Entre souvenirs d’enfance marocains pour l’un et attachement culturel complexe pour l’autre, Jordan Bardella et Éric Zemmour dessinent une relation inattendue entre l’extrême droite française et le royaume chérifien. Dans son autobiographie « Ce que je cherche », le président du RN évoque avec nostalgie ses séjours au Maroc auprès de son grand-père Guerino, installé à Casablanca et qui serait marié à une marocaine et converti à l’Islam. Un récit qui fait écho au rapport ambivalent qu’entretient Éric Zemmour avec le pays, lui qui déclarait sur Twitter : « Vive le Maroc et les Marocains ! »
Cette double déclaration d’amour des deux leaders de l’Extrêmes droite française, aussi surprenante que paradoxale, révèle des positions de plus en plus complexes sur le Maghreb.
Bardella-Zemmour : deux héritages marocains, deux visions politiques
Le lien de Jordan Bardella avec le Maroc est avant tout familial et intime. Ses souvenirs d’enfance sont marqués par la figure de son grand-père Guerino, qui avait choisi Casablanca comme terre d’adoption. Pour le président du RN, ces séjours marocains incarnent un retour aux valeurs de respect et d’ordre qu’il juge en péril en France. Une nostalgie qui contraste avec le rapport plus complexe d’Éric Zemmour au royaume chérifien. Il faut rappeler aussi les origines algériennes de l’arrière-grand-père de Jordan Bardella, Mohand Séghir Mada, un immigré kabyle arrivé en France dans les années 1930. Un autre point commun avec Zemmour.
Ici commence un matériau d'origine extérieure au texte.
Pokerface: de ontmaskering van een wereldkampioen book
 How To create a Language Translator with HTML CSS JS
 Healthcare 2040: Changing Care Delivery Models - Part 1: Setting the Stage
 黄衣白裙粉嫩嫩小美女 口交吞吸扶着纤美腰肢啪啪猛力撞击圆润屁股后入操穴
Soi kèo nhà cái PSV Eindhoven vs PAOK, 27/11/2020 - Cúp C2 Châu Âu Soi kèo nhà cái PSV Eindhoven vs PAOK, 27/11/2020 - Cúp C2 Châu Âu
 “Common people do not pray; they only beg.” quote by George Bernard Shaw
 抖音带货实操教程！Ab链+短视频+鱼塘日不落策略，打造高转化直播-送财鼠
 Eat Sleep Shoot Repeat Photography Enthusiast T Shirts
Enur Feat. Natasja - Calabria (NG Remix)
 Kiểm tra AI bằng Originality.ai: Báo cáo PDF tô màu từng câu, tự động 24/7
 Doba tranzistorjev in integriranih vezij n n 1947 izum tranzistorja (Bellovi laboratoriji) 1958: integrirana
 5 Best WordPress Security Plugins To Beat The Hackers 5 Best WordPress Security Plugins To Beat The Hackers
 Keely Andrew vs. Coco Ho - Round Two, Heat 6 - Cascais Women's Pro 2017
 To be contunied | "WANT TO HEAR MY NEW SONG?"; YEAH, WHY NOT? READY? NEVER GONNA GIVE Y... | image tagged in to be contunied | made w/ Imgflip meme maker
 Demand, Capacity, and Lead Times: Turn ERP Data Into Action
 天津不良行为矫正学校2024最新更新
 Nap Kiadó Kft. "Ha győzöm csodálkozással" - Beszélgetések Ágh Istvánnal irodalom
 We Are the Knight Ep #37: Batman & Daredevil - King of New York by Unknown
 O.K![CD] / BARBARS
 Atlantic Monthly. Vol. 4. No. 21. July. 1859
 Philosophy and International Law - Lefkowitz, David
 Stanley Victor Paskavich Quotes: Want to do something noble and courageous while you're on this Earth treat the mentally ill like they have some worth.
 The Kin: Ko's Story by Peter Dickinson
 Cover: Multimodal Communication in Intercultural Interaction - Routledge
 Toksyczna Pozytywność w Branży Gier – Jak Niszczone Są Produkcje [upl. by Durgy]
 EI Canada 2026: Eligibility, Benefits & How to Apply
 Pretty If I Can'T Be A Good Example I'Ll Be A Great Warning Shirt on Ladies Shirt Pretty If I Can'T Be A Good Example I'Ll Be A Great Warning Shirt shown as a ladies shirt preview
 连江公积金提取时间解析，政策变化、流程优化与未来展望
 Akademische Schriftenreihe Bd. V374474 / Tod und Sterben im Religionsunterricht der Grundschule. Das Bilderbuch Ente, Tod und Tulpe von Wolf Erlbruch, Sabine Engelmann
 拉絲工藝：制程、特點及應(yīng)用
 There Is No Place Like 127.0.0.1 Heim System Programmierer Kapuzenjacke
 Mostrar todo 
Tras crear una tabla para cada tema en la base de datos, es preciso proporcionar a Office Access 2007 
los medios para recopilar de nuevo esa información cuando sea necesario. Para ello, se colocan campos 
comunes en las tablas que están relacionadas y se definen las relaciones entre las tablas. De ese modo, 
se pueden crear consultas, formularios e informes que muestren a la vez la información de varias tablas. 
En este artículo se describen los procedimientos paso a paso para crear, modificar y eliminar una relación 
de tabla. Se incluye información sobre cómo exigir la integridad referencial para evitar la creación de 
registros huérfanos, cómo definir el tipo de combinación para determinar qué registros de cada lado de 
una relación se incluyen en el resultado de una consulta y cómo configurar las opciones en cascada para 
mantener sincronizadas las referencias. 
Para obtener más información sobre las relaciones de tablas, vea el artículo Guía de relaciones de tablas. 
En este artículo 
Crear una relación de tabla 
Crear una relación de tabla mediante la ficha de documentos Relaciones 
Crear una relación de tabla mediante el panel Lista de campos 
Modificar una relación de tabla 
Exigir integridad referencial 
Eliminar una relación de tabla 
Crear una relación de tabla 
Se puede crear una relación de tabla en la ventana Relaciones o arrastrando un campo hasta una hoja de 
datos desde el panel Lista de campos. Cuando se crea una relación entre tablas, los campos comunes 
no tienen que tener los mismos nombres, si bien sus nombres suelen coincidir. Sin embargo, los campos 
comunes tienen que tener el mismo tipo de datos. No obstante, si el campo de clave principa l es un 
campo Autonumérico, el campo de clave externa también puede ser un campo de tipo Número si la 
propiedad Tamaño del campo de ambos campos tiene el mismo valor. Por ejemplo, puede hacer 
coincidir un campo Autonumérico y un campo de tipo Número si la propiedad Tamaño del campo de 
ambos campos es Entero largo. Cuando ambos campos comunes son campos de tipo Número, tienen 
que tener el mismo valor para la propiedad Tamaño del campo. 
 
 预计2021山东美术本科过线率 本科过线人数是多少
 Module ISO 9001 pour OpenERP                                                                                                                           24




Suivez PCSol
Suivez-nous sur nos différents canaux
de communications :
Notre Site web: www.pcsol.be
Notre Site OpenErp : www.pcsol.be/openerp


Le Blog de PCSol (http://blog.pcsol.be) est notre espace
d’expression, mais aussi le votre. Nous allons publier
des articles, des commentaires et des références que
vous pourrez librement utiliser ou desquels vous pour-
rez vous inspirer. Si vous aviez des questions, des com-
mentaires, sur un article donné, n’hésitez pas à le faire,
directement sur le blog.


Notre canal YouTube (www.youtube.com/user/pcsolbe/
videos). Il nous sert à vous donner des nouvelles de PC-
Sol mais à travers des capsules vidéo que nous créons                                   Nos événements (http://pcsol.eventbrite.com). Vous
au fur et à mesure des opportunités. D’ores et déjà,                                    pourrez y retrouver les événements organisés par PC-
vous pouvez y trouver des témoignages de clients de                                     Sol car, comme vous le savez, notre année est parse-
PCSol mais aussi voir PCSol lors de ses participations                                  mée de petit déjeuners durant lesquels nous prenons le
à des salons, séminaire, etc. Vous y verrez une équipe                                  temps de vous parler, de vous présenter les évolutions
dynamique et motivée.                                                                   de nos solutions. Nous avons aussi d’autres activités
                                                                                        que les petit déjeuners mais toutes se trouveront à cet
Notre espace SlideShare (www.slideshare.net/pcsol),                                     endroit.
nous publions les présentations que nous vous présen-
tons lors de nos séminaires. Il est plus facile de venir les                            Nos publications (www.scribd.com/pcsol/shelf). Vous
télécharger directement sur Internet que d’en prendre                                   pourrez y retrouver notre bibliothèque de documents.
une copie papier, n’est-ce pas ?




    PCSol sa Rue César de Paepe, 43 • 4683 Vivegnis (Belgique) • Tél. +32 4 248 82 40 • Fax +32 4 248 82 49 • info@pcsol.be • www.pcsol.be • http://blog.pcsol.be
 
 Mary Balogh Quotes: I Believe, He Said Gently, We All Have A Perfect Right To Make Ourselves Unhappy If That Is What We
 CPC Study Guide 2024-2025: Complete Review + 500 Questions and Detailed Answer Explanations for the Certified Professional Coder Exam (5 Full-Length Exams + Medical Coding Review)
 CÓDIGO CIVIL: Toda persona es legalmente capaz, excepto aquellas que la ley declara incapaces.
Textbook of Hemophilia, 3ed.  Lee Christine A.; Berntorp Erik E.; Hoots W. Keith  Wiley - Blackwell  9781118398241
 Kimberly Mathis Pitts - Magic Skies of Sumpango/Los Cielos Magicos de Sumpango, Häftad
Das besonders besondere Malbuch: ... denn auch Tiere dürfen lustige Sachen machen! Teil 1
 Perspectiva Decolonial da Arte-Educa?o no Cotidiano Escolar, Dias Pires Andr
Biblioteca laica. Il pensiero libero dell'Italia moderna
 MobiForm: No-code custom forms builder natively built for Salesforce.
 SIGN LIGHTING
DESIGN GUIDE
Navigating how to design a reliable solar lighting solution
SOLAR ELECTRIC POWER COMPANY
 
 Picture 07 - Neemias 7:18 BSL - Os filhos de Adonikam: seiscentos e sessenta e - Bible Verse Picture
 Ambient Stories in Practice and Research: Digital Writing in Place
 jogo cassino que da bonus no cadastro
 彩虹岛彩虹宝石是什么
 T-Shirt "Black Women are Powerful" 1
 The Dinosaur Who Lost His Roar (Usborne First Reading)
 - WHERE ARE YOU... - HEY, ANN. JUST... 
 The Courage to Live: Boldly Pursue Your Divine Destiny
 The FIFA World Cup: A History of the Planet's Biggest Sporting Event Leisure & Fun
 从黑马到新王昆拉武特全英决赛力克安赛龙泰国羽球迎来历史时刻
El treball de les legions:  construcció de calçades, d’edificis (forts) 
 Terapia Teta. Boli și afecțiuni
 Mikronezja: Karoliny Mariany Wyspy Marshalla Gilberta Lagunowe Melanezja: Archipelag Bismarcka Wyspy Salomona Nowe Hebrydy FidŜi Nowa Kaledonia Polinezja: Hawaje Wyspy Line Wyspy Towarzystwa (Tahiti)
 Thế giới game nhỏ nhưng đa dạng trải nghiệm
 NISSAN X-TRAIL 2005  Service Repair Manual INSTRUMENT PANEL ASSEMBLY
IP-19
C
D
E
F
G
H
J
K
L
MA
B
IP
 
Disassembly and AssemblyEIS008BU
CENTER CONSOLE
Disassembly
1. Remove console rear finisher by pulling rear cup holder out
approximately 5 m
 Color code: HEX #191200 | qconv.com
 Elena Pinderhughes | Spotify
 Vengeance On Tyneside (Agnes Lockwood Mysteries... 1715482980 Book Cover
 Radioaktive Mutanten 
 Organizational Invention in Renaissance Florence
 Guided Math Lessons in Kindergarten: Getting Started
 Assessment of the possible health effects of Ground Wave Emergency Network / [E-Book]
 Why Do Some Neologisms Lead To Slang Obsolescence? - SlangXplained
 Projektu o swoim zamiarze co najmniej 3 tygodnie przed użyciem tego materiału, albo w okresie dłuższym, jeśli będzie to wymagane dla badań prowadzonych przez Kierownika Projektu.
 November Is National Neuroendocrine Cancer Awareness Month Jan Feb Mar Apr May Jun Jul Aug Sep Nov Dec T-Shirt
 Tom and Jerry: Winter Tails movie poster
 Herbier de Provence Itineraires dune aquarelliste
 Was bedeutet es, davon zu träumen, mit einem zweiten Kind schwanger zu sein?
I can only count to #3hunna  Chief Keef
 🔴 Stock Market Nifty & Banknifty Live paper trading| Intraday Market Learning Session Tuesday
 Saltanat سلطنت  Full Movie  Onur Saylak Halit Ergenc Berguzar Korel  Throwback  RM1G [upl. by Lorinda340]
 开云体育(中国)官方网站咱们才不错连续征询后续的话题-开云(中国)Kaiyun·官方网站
En effet, fils d’immigrés algériens de confession juive, Zemmour cultive avec le Maroc une relation paradoxale, renforcée par sa proximité avec Sarah Knafo, sa compagne d’origine marocaine. Son soutien récent à la loi imposant des prénoms à caractère marocain illustre cette ambivalence : alors même qu’il condamne l’immigration maghrébine en France et dénonce « l’islamisation » des quartiers populaires, il n’hésite pas à célébrer certaines initiatives culturelles marocaines.
Une étrange alliance : le RN et le Maroc, entre pragmatisme et géopolitique
Une convergence de vues inattendue se dessine entre le Rassemblement National (RN) et le Maroc. Bien que Jordan Bardella ait multiplié les attaques contre des personnalités franco-marocaines, telles que Najat Vallaud-Belkacem, le royaume de Mohammed VI s’est bien gardée de réagir. D’ailleurs, ce mutisme royal rappelle la posture adoptée face aux déclarations de Zemmour pendant la présidentielle de 2022. Ce silence suggère une entente stratégique en gestation.
En effet, alors que le RN se positionne comme un défenseur d’une politique ferme en matière d’immigration et de sécurité, il a récemment exprimé son soutien au Maroc sur la question du Sahara occidental. Le parti a critiqué une décision du Tribunal de l’Union européenne favorable au Front Polisario, qualifiant celle-ci de « regrettable ». Cette déclaration du RN insiste sur l’importance de relations étroites avec le Maroc, vu comme un allié stratégique dans la lutte contre l’immigration clandestine et le terrorisme, des enjeux cruciaux pour l’extrême droite française.
Mohammed VI et le RN : une stratégie pragmatique
La posture du roi Mohammed VI face au RN semble dictée par une priorité absolue : la reconnaissance du Sahara comme territoire marocain. Dans cette optique, le souverain marocain privilégie une approche pragmatique, reproduisant la stratégie déjà observée avec Zemmour : silence face aux critiques contre la diaspora en échange d’un soutien sur les dossiers stratégiques. Cette position pourrait générer des tensions au sein de la diaspora marocaine en France, prise entre les critiques du RN et le silence stratégique de Rabat.
L’alliance tacite entre le RN et le Maroc se combine d’ailleurs avec une stratégie d’attaque conjointe contre l’Algérie, rappelant aussi les tristes heures d’une l’Extrême droite qui rêve toujours d’une Algérie française. Mais pour Mohammed VI, le Sahara occidental passe avant tout, même si cela implique des compromis inhabituels avec l’extrême droite française.
Cette posture suscite cependant des critiques dans le monde arabe, où certains regrettent que le roi accorde plus d’attention au Sahara qu’à la cause palestinienne.